Events in the year 1930 in Vatican City.

== Incumbents ==
- Pope: Pius XI
- Cardinal Secretary of State: Pietro Gasparri (until 7 February), Eugenio Pacelli (since 9 February)
- Governor of Vatican City: Camillo Serafini

== Events ==
=== January-June ===
- Early February - Pope Pius XI "vigorously protests" in a letter addressed to the Soviet government against the persecution of religion in the Soviet Union, and asks the faithful throughout the world join him in praying for the end of the oppression.
- 6 February - Pope Pius XI issues a Motu Proprio establishing the "historical section" of the sacred congregation of rites.
- 7 February - Secretary of State Pietro Gasparri resigns from his position, prompting Pope Pius XI to appoint Cardinal Eugenio Pacelli as the new Secretary of State.
- 25 March - SoS Cardinal Pacelli becomes the archpriest of St.

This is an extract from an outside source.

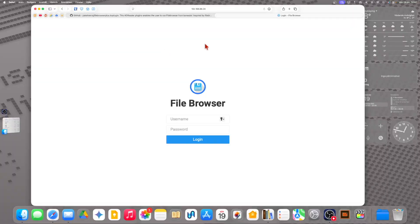One drawback with this new File Browser Plus server plugin is that it doesn't always show you the full IP address. If you don't know the address and can't note it down, you need to uncheck File Browser Plus server and check it again to see the rest of the IP address that you didn't write down.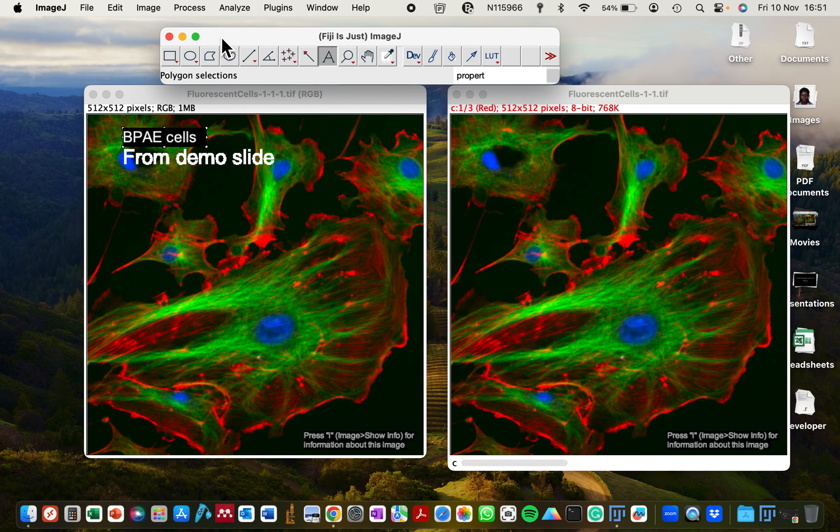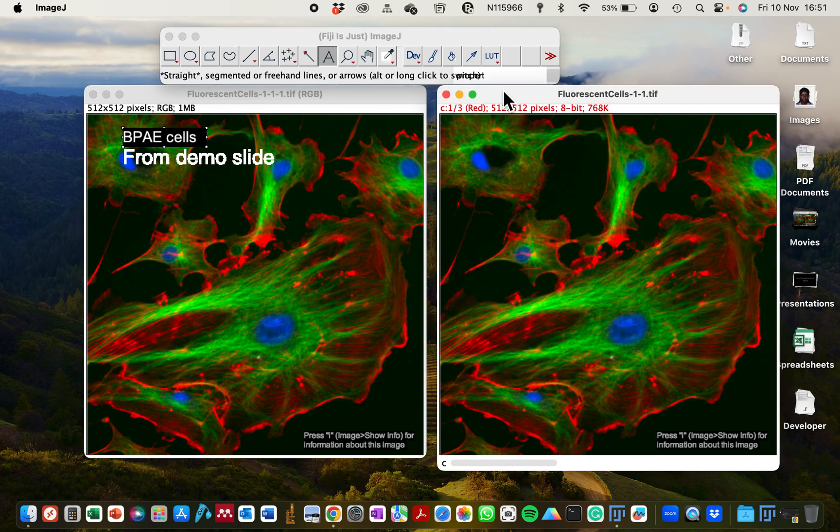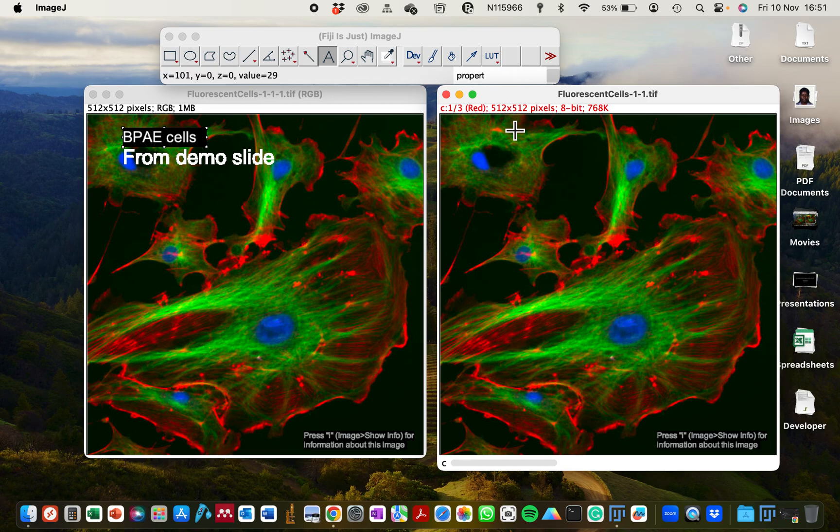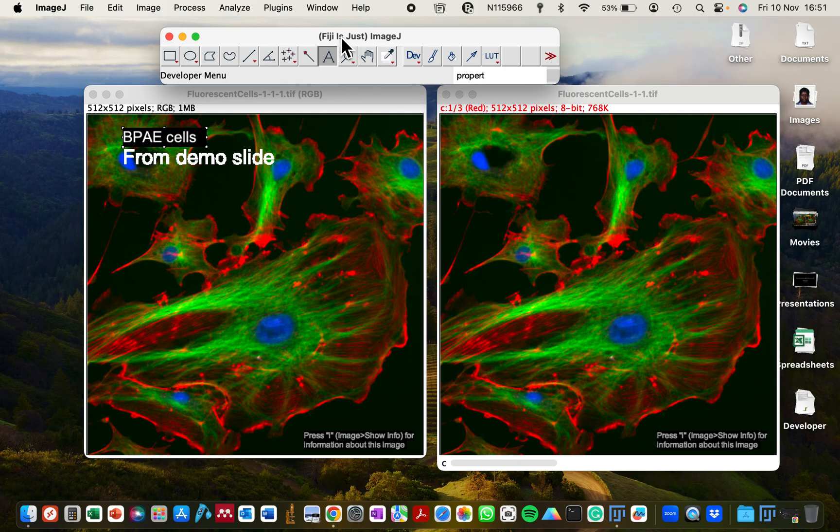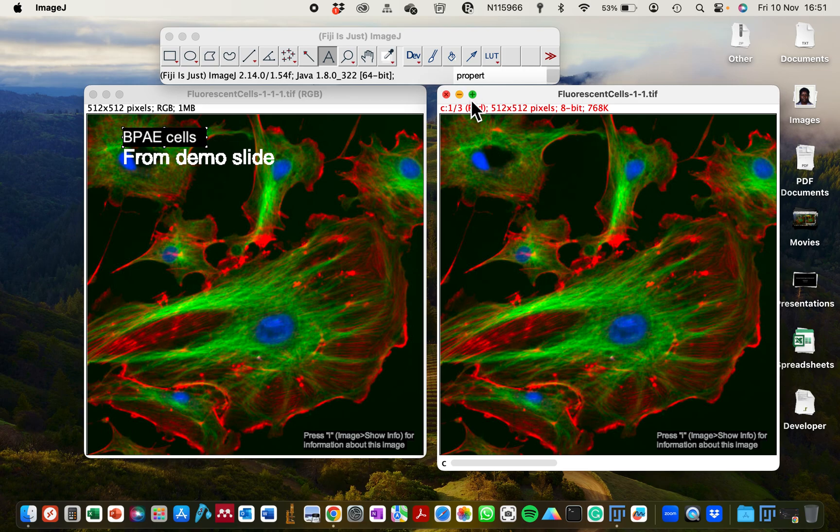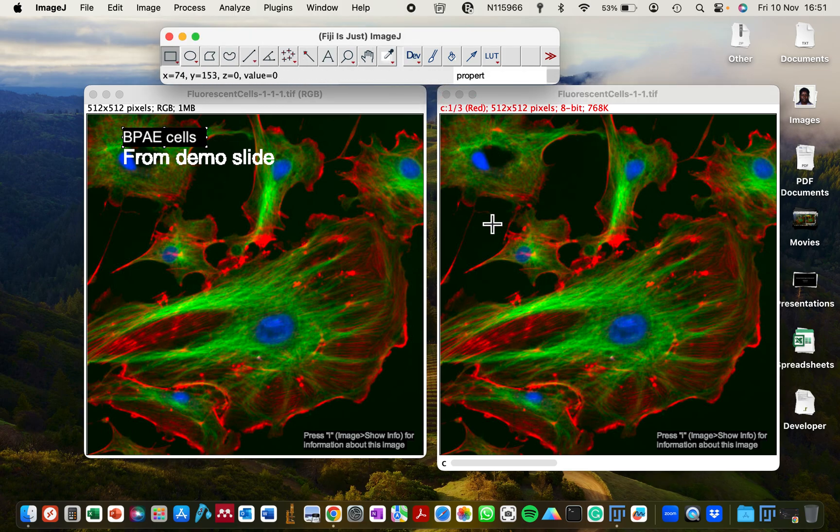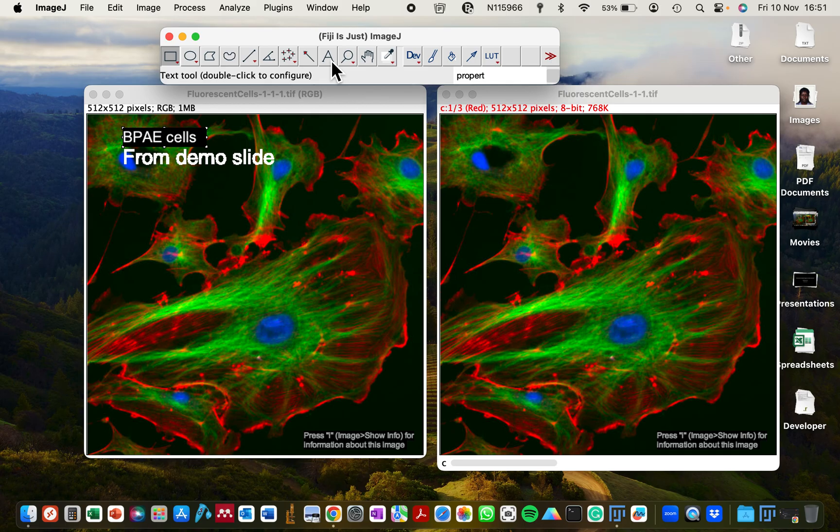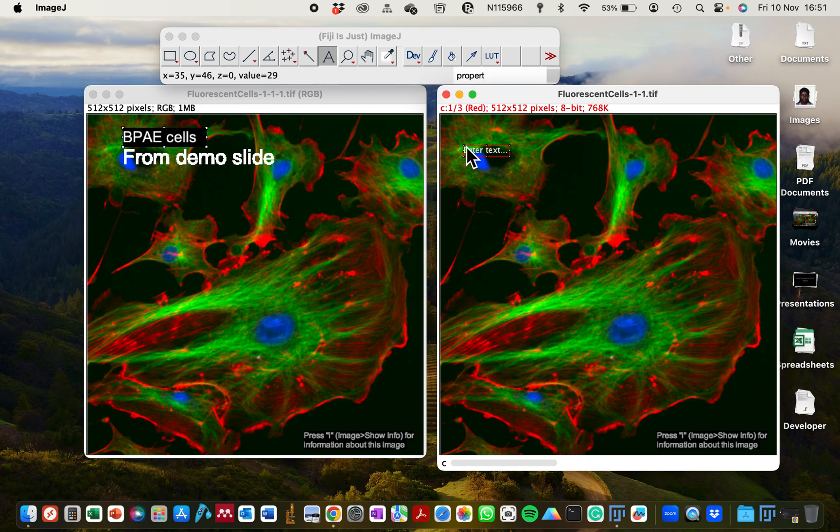When you have your image open in ImageJ, you can either drag the image to the window bar that will open the image, or you go from File and click Open. That will also open the image. And then in order for you to add text to the image, there is this alphabet symbol which represents the text tool icon. If you click on it, you can then place that on the image.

Peter's Basilica.

=== July-December ===
- 15 July
  - The quadrennial Marian Congress takes place in Lourdes, France, with Cardinal Jean Verdier serving as the Pope's Papal legate.
  - The National Congress of Prayer's Apostolate takes place in Braga, Portugal, with Cardinal Manuel Gonçalves Cerejeira serving as the Pope's Papal legate.
- 24 December - Pope Pius XI holds the Vatican's annual Christmas address in the Consistorial Hall in the Apostolic Palace.
- 31 December - Pope Pius XI publishes the Casti connubii, which condemns neo-paganism and supports the formal emancipation of women.

=== Unspecified date ===
- Early 1930 - The official English translation of the Pope Pius XI's encyclical on education is released.
- 1930-1933 - SoS Cardinal Eugenio Pacelli makes attempts to obtain a German treaty for protection and continued rights of the Catholic Church and her Priests in the nation with the representatives of successive German governments, which turn out ultimately unsuccessful.

== Deaths ==
There were no deaths in the year 1931 in Vatican City, and there would not be until the year 1961.